Remember the 20% that employees are supposed to get to work on a project every week? According to the former Google employee, you have to create that time in your schedule. If you don’t take it out, it doesn’t get used, and really, nobody notices. He says most people don’t even have a project, and managers don’t tend to remind you to start one.
Then he was asked if he had any advice for Microsoft that would “help in our battle for talent against Google.” His suggestion? Make all the food in the cafe’ free. Yep, that’s the only suggestion he had. Apparently Google knew what they were doing when they made this one of their perks. He explains that while Microsoft may not offer free food, they start at a higher salary. If Microsoft were to cut back on starting salaries and put that money towards the food of their employees, he thinks it could help them out.

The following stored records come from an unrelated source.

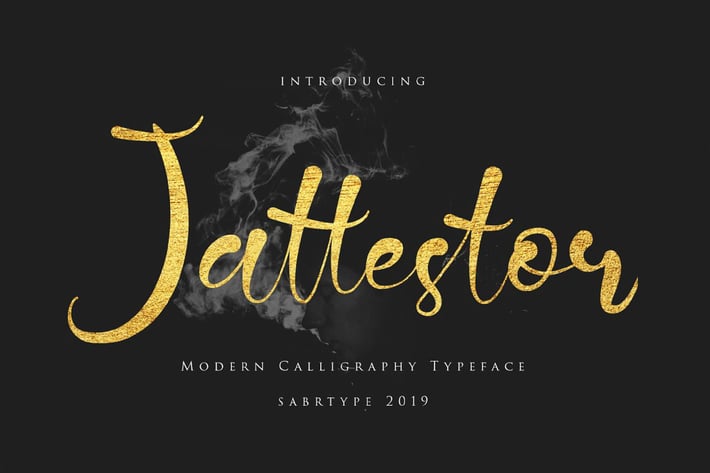 Jattestor
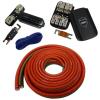 Wet Sounds WW-SINGLE AMP KIT Marine Accessories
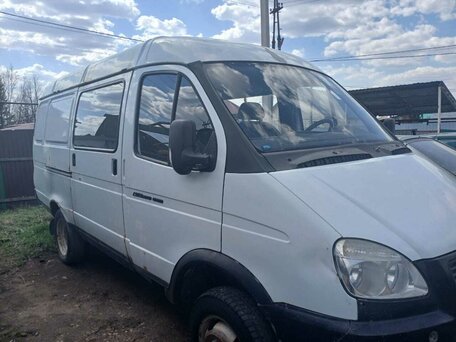 2012 ГАЗ ГАЗель (2705) Комби, белый, 310000 рублей, вид 1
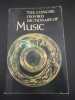 Concise Oxford Dictionary of Music. Ward John Owen  Scholes Percy A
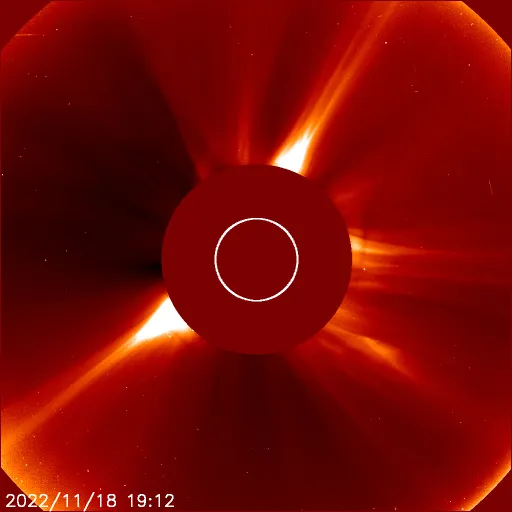 Inner Solar Corona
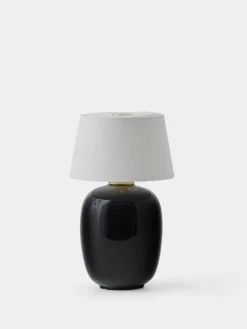 Torso Table Lamp Portable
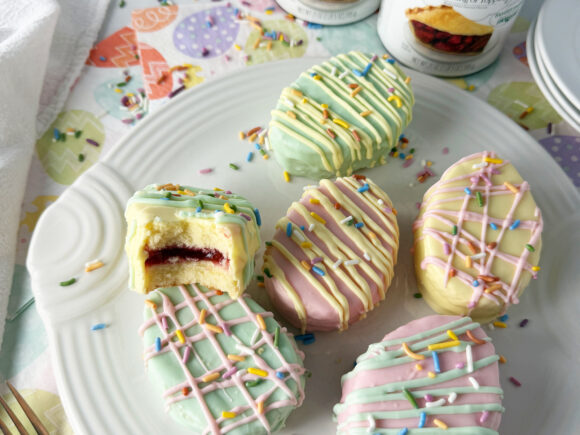 Easter Egg Petit Fours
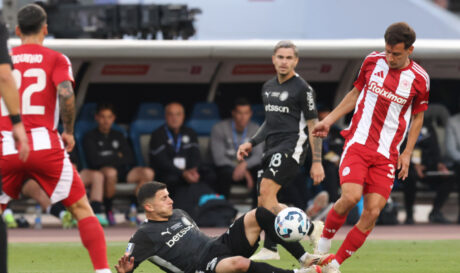 Super League ΟΦΗ Ολυμπιακός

So there ya have it, an “insiders” look at the real Google.
Source: I Started Something
Read Entire Email here

The free food suggestion may be better than you think. When I started at my current employer, they gave us free soft drinks. It took me a year to convince the AA to order Coke instead of Pepsi. Shortly thereafter, the free drinks were discontinued to save money.
It was almost like losing an old friend. The pay sucks. The users are arrogant and malicious imbeciles. There is little possibility of advancement.
Those 2 or 3 cans of Coke a day actually meant something! It meant that, for all its faults, the company actually gave a damn.
It doesn’t any more. My resume is currently circulating.
I guess the free meals also save Google employees quite a bit of money and time. No getting up to pack a lunch in the morning, or no running out to grab something during the middle of the day.
All I can say is that the three people I know who work at Google LOVE it. Of course, they’re not programmers…
I think one of their cafes also got a 5-star rating or something.
I know two employees at Google – one hates it and one quit the day the bulk of their options vested.
I guess YMMV at Google.
As an ex-Yahoo! though, I have to tell you that NO ONE gripes about their job until the return on stock options levels out – thats when you get to hear the *honest* opinions.
@Seth – I’m just curious what you did at Yahoo, and what made you decide to leave?
COX use to have free sodas but it got abused, especially by the field techs so they went to Soda Machines at 25¢ a can.
As far as everything else with Google, sounds like my kind of place, I have no life so I don’t care. Go Daddy is suppose to have free on-site massages.
The free food wasn’t the only suggestion. The author also pointed out that Google’s “Tech Stop” concept was good idea.
I’m not a fan of “free food” myself, but I’d heavily subsidize the food service. It should be half the price as any other local option and just as cheap as brown bagging.
I like the idea of free cans of pop, because that is affordable and yet a nice gesture from the company. I could see the free food getting awfully expensive though, but as Will suggested they could at least offer it at a discounted price.
IMO:
If you want to have a happy job, very few of the US companies can offer. Try a european company. I used to work for one of those. There was no free pop, no free food, but people are NICE! the environment was cooperative, instead of competitive. The work place is usaully very diversified: old, young, f/m, people of all colors, different cultures/languages, different education, etc.
If you want to retire sooner, line up for interviewing at a hot startup, after options vested, quit and line up for interviewing again for the next hot startup. I have a few friends doing that, and they have millions. But I don’t know if they are happy. The current hot is facebook. The previous ones were google and apple. The ones before that were Intel, Microsoft, Cisco, sun, amazone, yahoo.
But IBM is always a good place to work if you want to work until you die.
If you want to have a good career advance, I suggest you starting your own venture. It’s very sastifying experience. You can have any title as you like. Don’t work for someone else and hope you can be a real decision maker. That just dosen’t happen.